In [3]:
root_path = "/home/fat-fighter/Documents/cs771-project/hybrid-method/"

## Description of Files

### Folder: features

- **tracks-mfcc.csv** - Contains already extracted mfcc features from all tracks using 30-60 seconds of tracks
- **tracks-cluster-probabilities.csv** - Contains the cluster probabolities and assignments for all tracks (based on their mfcc features_
- **timbres-cluster-probabilities.csv** - Contains the cluster probabilities and assignments for all segment timbres of all tracks
- **tracks-collective-timbres-clusters-features.csv** - Contains the extracted features of a track using its timbres' collective cluster probabilities

### Folder: million-song-subset

- **tracks-features.csv** - Contains mfcc features extracted from tracks in the MSS
- **tracks-timbres.csv** - Contains segment timbres for all tracks

### Folder: taste-profile-subset

- **songs.txt** - A list of song ids
- **users.txt** - A list of user ids
- **train-triplets.txt** - A user-song-count triplets
- **song-to-tracks.txt** - A song-track id mapping

## Clustering Tracks (Based on Tracks' MFCC Features)

In [None]:
import pandas as pd
from sklearn.mixture import GaussianMixture

In [None]:
tracks_mfcc = pd.read_csv(
    root_path + "hybrid-method/data/features/tracks-mfcc.csv", sep="\t")

In [None]:
n_mfcc = 13
n_clusters = 10
max_iter = 1000

In [None]:
estimator = GaussianMixture(n_components=n_clusters, covariance_type='diag', max_iter=1000, random_state=0)

In [None]:
cols = ["av" + str(i) for i in range(1, n_mfcc + 1)] + ["sd" + str(i) for i in range(1, n_mfcc + 1)]

In [None]:
estimator.fit(tracks_mfcc[cols])

In [None]:
probs = estimator.predict_proba(tracks_mfcc[cols])
clusters = estimator.predict(tracks_mfcc[cols])

In [None]:
cols = ["id"] + ["k" + str(k) for k in range(1, n_clusters + 1)] + ["cluster"]

In [None]:
outfile = root_path + "hybrid-method/data/features/tracks-cluster-probabilities.csv"

In [None]:
with open(outfile, "w") as f:
    f.write("\t".join(cols) + "\n")
    for i, song_id in enumerate(tracks_mfcc["id"]):
        params = [song_id] + list(probs[i]) + [clusters[i]]

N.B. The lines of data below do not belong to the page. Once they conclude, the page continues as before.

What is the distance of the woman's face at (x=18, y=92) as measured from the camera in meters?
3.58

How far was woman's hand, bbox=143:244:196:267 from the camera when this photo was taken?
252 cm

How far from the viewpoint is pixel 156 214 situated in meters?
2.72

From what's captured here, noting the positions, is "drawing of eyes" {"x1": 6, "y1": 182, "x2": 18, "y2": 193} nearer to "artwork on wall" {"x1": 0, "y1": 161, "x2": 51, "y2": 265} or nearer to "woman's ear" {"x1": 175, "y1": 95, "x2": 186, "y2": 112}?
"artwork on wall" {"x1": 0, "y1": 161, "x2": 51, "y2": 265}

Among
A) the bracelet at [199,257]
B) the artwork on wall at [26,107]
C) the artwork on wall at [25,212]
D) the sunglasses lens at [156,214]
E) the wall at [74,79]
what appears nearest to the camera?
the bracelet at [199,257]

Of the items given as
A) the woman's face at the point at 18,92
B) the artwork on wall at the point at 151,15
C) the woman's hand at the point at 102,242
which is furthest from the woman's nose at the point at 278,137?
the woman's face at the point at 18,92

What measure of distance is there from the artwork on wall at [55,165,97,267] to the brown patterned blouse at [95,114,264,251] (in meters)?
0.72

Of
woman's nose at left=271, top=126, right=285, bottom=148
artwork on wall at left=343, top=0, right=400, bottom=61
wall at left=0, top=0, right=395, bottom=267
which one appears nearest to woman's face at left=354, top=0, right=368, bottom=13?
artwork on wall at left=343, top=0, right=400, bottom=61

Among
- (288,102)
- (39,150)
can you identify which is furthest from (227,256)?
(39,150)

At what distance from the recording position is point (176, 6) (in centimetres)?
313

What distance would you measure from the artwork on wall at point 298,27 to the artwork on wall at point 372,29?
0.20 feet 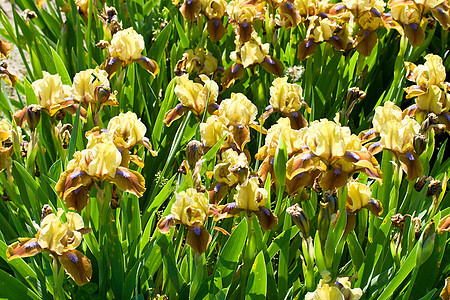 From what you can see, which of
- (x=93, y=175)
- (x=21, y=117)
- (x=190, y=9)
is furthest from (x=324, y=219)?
(x=190, y=9)

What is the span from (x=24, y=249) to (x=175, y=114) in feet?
3.21

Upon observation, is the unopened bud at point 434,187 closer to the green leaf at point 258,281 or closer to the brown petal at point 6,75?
the green leaf at point 258,281

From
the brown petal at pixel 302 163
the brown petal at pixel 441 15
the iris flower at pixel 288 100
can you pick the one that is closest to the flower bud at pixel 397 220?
the brown petal at pixel 302 163

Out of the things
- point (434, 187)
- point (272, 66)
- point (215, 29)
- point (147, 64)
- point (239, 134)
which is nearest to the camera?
point (434, 187)

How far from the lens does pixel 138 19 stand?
3.77m

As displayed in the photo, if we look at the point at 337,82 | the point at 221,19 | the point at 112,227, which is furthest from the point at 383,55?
the point at 112,227

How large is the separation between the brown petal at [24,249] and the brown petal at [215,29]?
174 centimetres

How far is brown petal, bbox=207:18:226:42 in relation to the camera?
10.2 feet

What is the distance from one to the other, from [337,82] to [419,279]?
1.50 metres

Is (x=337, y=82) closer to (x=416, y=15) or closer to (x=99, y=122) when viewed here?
(x=416, y=15)

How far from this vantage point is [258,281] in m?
1.79

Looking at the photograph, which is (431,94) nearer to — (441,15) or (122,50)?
(441,15)

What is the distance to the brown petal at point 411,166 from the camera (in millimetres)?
1946

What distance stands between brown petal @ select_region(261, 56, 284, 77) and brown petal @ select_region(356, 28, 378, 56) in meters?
0.45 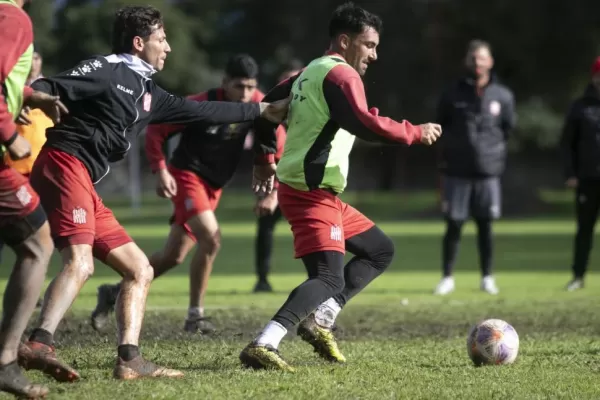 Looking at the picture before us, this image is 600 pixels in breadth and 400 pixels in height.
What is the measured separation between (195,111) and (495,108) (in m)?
7.65

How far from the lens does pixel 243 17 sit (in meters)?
71.5

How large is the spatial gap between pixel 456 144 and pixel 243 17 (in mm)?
58352

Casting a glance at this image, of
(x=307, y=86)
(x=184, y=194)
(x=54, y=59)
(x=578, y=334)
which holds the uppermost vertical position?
(x=307, y=86)

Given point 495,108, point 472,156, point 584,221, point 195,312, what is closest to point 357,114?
point 195,312

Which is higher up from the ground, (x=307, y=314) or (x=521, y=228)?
(x=307, y=314)

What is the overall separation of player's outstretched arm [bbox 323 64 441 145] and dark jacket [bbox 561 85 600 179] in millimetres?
7539

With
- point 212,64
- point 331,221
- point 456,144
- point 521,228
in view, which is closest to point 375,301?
Result: point 456,144

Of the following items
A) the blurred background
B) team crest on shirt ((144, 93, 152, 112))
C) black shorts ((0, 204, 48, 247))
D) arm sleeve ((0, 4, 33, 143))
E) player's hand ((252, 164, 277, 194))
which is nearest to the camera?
arm sleeve ((0, 4, 33, 143))

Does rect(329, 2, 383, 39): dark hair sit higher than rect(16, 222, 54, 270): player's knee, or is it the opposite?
rect(329, 2, 383, 39): dark hair

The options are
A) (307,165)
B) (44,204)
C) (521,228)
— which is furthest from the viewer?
(521,228)

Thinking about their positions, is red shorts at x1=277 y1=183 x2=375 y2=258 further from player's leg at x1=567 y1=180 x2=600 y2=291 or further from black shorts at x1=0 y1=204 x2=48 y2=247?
player's leg at x1=567 y1=180 x2=600 y2=291

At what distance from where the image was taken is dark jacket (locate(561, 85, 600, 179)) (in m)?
14.5

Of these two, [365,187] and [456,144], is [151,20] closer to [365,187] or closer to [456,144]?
[456,144]

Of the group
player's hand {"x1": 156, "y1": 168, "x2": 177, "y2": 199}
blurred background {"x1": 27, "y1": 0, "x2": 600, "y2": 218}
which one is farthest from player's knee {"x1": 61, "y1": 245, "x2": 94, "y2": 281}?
blurred background {"x1": 27, "y1": 0, "x2": 600, "y2": 218} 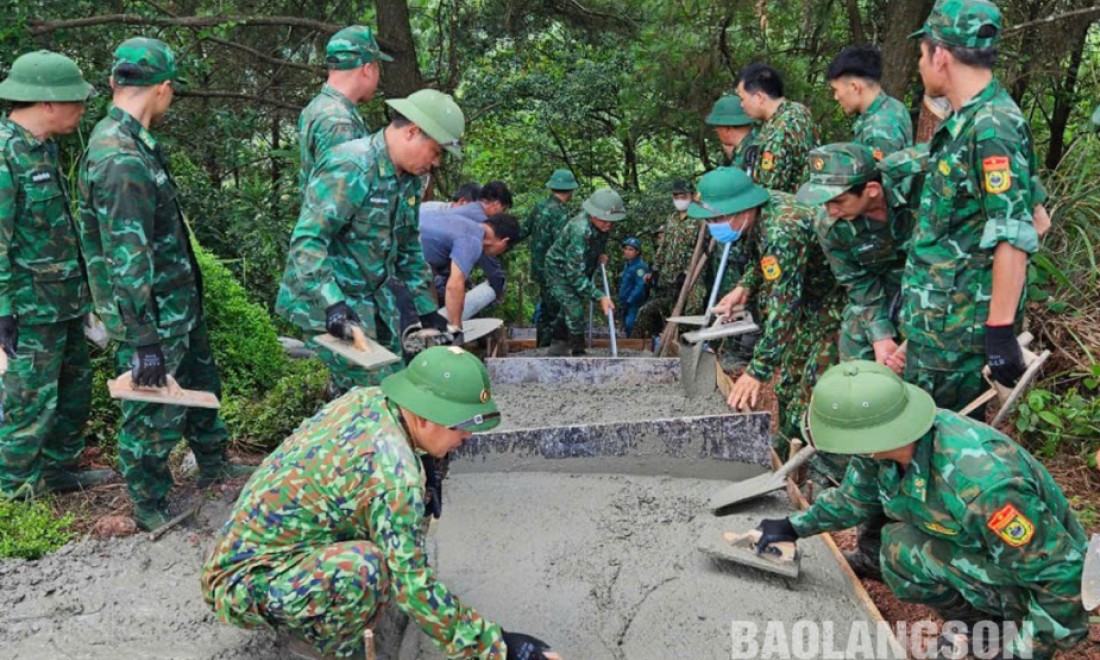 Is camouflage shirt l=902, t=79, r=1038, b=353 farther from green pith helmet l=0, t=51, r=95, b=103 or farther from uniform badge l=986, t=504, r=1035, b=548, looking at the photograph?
green pith helmet l=0, t=51, r=95, b=103

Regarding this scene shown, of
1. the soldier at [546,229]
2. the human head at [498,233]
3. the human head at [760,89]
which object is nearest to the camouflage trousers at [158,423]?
the human head at [498,233]

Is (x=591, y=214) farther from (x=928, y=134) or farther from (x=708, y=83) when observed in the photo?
(x=928, y=134)

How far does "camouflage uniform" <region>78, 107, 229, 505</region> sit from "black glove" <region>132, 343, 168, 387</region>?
0.13ft

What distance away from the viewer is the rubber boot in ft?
12.5

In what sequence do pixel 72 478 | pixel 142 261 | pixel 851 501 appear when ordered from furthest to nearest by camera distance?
pixel 72 478
pixel 142 261
pixel 851 501

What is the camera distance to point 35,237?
3.53 metres

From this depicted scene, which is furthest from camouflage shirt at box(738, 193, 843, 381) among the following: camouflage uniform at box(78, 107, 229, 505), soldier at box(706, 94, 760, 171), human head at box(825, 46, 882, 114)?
camouflage uniform at box(78, 107, 229, 505)

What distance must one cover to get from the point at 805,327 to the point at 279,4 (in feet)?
17.5

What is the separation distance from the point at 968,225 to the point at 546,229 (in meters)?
4.84

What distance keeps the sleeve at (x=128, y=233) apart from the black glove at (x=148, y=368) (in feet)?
0.12

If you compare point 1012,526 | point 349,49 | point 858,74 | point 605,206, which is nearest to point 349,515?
point 1012,526

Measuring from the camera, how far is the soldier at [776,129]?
4898 millimetres

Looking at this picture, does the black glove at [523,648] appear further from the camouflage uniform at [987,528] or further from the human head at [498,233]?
the human head at [498,233]

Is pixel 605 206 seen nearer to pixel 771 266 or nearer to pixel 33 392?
pixel 771 266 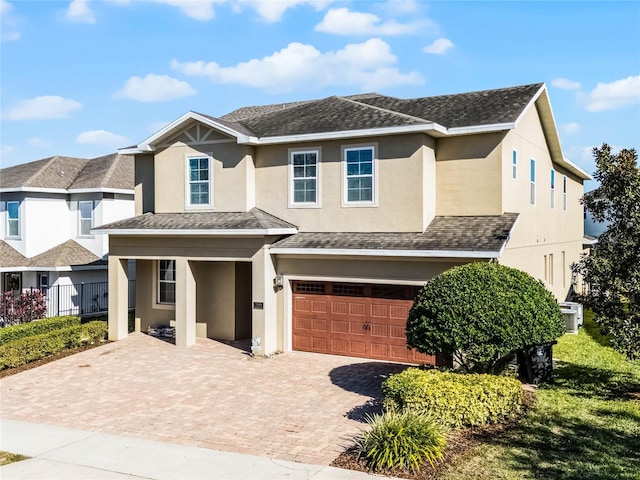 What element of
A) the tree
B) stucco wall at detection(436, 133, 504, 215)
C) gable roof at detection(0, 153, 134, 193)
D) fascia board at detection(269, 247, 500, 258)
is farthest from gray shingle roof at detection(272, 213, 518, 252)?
gable roof at detection(0, 153, 134, 193)

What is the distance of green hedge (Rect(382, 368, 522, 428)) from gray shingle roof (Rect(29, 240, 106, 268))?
17.7 metres

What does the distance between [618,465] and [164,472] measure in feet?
22.2

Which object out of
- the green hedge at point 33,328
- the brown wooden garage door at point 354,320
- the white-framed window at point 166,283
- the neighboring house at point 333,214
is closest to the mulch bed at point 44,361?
the neighboring house at point 333,214

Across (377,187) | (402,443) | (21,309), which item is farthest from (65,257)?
(402,443)

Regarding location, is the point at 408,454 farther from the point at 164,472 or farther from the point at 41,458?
the point at 41,458

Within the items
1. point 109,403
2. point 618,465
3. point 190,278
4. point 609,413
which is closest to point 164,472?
point 109,403

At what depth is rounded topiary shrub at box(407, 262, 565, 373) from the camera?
36.4ft

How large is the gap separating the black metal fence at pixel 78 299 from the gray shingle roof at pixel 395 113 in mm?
10624

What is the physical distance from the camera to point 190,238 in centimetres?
1780

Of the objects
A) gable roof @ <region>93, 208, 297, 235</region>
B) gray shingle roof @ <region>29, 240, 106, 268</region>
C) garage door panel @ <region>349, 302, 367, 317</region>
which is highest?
gable roof @ <region>93, 208, 297, 235</region>

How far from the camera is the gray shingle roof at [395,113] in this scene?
16.4 metres

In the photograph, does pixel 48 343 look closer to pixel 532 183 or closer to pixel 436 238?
pixel 436 238

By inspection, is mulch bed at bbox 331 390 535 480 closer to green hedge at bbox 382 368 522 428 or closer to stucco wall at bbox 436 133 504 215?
green hedge at bbox 382 368 522 428

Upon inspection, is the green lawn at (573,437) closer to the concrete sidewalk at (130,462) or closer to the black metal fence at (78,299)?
the concrete sidewalk at (130,462) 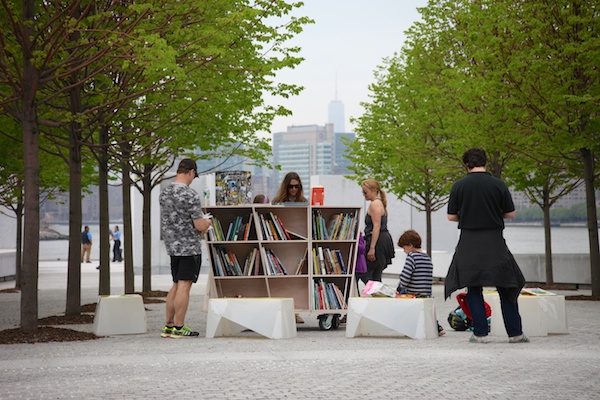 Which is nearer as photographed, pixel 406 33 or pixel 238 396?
pixel 238 396

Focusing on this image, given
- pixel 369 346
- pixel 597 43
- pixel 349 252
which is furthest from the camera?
pixel 597 43

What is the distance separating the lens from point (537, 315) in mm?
12734

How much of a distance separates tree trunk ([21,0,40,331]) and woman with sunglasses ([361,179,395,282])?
14.2 feet

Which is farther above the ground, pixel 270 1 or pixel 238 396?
pixel 270 1

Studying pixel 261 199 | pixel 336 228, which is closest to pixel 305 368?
pixel 336 228

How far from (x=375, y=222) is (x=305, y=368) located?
5.71m

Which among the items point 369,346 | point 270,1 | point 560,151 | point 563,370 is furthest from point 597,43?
point 563,370

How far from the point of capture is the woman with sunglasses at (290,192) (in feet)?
47.2

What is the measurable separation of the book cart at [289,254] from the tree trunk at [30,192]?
2.36 m

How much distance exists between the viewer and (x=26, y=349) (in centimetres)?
1155

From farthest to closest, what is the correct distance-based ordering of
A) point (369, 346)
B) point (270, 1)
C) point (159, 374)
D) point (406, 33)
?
point (406, 33), point (270, 1), point (369, 346), point (159, 374)

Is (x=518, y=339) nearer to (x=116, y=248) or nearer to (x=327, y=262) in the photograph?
(x=327, y=262)

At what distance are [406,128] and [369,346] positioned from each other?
2006 cm

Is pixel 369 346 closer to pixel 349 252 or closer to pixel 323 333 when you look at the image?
pixel 323 333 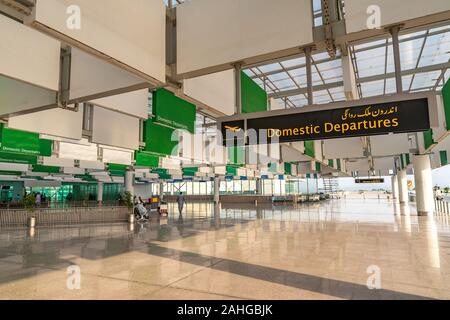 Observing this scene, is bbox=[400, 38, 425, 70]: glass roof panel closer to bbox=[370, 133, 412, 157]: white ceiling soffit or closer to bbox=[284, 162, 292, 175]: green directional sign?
bbox=[370, 133, 412, 157]: white ceiling soffit

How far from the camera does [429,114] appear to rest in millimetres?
3918

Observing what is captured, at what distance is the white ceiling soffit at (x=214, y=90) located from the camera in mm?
5902

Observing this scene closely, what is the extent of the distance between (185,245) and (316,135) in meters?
6.50

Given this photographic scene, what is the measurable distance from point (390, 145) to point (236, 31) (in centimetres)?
1631

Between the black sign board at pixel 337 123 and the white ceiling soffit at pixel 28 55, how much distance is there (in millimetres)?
3400

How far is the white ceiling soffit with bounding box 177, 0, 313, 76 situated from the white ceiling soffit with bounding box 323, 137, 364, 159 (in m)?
12.8

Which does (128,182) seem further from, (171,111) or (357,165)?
(357,165)

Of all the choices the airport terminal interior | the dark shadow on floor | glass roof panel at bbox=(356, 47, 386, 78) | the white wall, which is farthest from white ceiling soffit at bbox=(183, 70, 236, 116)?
→ the white wall

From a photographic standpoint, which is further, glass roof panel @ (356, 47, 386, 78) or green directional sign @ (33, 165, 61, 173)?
green directional sign @ (33, 165, 61, 173)

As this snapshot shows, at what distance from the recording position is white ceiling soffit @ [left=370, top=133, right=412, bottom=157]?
17641mm

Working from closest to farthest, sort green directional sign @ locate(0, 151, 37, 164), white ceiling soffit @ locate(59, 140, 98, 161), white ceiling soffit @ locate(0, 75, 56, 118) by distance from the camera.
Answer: white ceiling soffit @ locate(0, 75, 56, 118)
white ceiling soffit @ locate(59, 140, 98, 161)
green directional sign @ locate(0, 151, 37, 164)

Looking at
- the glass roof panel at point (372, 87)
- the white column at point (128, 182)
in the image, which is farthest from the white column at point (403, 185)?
the white column at point (128, 182)

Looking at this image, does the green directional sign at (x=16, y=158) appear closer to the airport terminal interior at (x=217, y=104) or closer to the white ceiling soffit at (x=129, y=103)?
the airport terminal interior at (x=217, y=104) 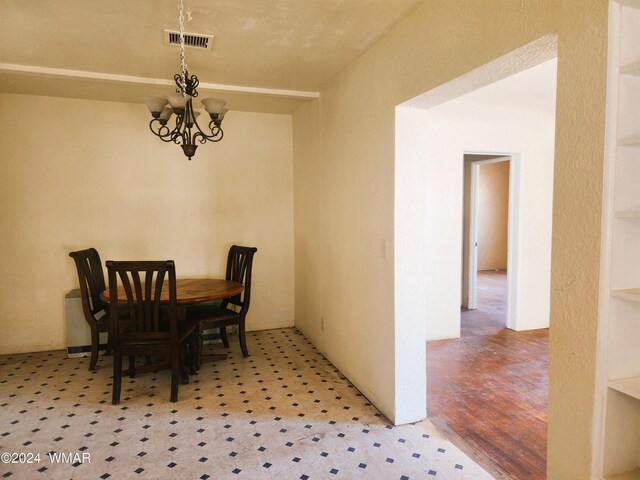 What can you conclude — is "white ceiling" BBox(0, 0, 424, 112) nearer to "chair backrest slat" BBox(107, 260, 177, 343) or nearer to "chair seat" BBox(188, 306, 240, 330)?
"chair backrest slat" BBox(107, 260, 177, 343)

        params = [str(param) for param in params]

        f.write("\t".join(params) + "\n")

## Mapping Users to Tracks

In [None]:
local_path = root_path + "data/taste-profile-subset/"

In [None]:
songs_to_tracks = dict()
count = 0
with open(local_path + "songs-to-tracks.txt", "r") as f:
    for line in f.readlines():
        line = line.strip(" \t\n\r").split()
        if len(line) > 1:
            songs_to_tracks[line[0]] = line[1:]

In [None]:
outfile = open(local_path + "user-track-counts.txt", "w")

In [None]:
with open(local_path + "user-song-counts.txt", "r") as f:
    line = f.readline()
    while line:
        line = line.strip(" \t\n\r").split()
        if len(line) == 3 and line[1] in songs_to_tracks:
            for track in songs_to_tracks[line[1]]:
                outfile.write("\t".join([line[0], track, line[2]]) + "\n")
        line = f.readline()

In [None]:
outfile.close()

## Computing User Features (Based on Tracks' Cluster Probabilities)

In [None]:
import numpy as np

In [None]:
local_path = root_path + "data/"

n_clusters = 10

In [None]:
tracks_mfcc = dict()
with open(local_path + "features/tracks-cluster-probabilities.csv", "r") as f:
    line = f.readline()
    while line:
        line = f.readline()
        line = line.strip(" \t\n\r").split()
        if len(line) == 12:
            tracks_mfcc[line[0]] = np.array([float(field) for field in line[1:-1]])

In [None]:
user_features = dict()
user_track_counts = dict()

In [None]:
with open(local_path + "taste-profile-subset/user-track-counts.txt", "r") as f:
    line = f.readline()
    while line:
        line = line.strip(" \t\n\r").split()
        if len(line) == 3 and line[1] in tracks_mfcc:
            if line[0] not in user_track_counts:
                user_features[line[0]] = np.zeros(n_clusters)
                user_track_counts[line[0]] = 0
                
            user_features[line[0]] += tracks_mfcc[line[1]]
            user_track_counts[line[0]] += 1
        line = f.readline()

In [None]:
outfile = local_path + "features/user-features.csv"

In [None]:
with open(outfile, "w") as f:
    for user in user_features:
        f.write("\t".join([user] + [str(field) for field in (user_features[user] / float(user_track_counts[user]))]) + "\n")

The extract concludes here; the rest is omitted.